Blue Moon Basherts is my mother’s legacy and I’m not going to throw that down the drain because I have a little chemistry between my VIP client.
I clear my throat. “Caleb, you’re my only hope. Without you, I lose my mother’s business.”
“No pressure or anything,” he mutters under his breath.
“It’s okay, I understand.” I heave a dramatic sigh and lean on the center console. I inhale his scent of shampoo and bodywash. “I’m used to men letting me down. My father, as you know, abandoned me as a child.”
“Stop it,” he says, glancing at me. “I know what you’re doing.”
“My mother is dead,” I continue, “and I’m all alone in the world.”
He shakes his head. “Not falling for it.”
“I’m a sad, poor orphan girl,” I say as he breaks at a red light. He turns to me and I gaze into his eyes, channeling sad, poor orphan girl energy.
“You’re a thorn in my side is what you are.”
“Yes, I understand.” I emit a pretty little sigh and blink my eyelashes at him. Maybe this is the cute thing?
“Stop looking at me like that,” he groans, turning away.

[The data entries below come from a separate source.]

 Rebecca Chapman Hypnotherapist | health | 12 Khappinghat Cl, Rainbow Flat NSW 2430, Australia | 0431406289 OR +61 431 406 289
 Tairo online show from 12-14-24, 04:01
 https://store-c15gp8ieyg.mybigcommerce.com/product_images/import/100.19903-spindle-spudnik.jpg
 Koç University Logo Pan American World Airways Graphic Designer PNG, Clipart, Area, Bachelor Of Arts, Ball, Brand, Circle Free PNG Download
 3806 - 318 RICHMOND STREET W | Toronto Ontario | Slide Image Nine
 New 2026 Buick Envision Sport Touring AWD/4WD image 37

Yup. Definitely the cute thing.
“Like what?” I say innocently.
“Like a cute, poor orphan girl.”
“Oh.” I nod. “I’m sorry.” The light turns green and Caleb lets out a long breath. “You can drop me off anywhere around here,” I say.

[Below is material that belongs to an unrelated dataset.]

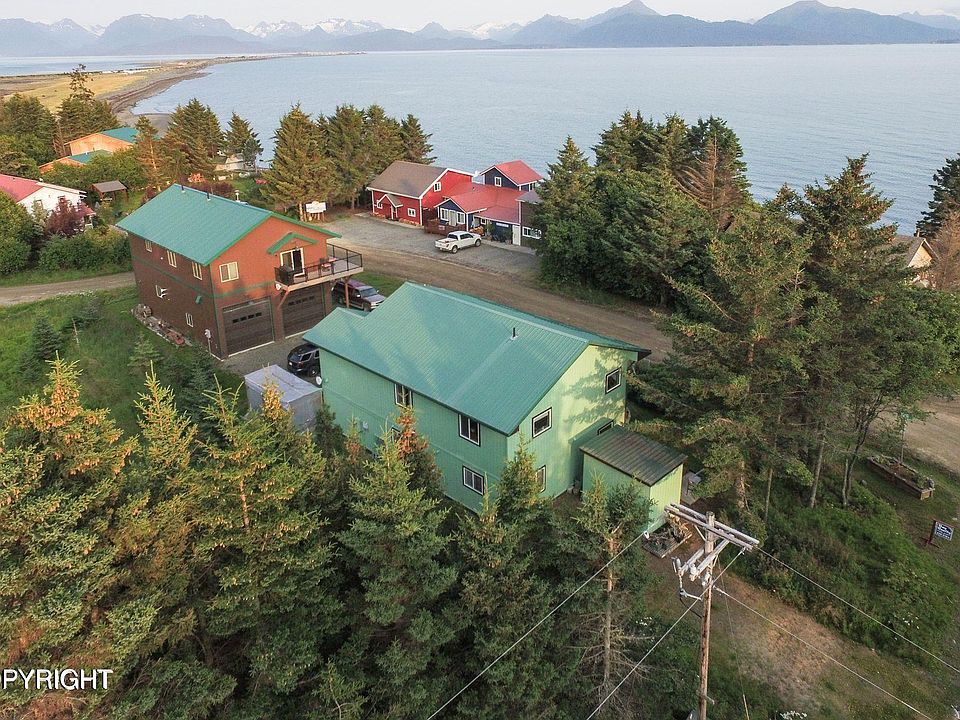 1st image of 1054 Krueth Way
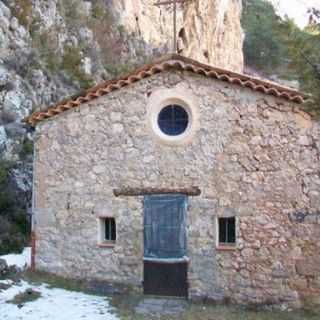 Paroisse A La Garde - La Garde, Provence-Alpes-Cote d'Azur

“Here?” He glances at me. “Why?”
“This is as good a place as any to practice being homeless. I need to know what to expect, after all.”
“Tinsel, I swear . . .” He pinches the bridge of his nose, trying not to laugh.
“I hope you’ll come and visit me sometime. Provided, of course, that I find a cardboard box large enough to entertain.”
He snorts a laugh, and then exhales a long, resigned sigh. “Okay, okay. I’ll go on the date.” He glances at me. “Happy now?”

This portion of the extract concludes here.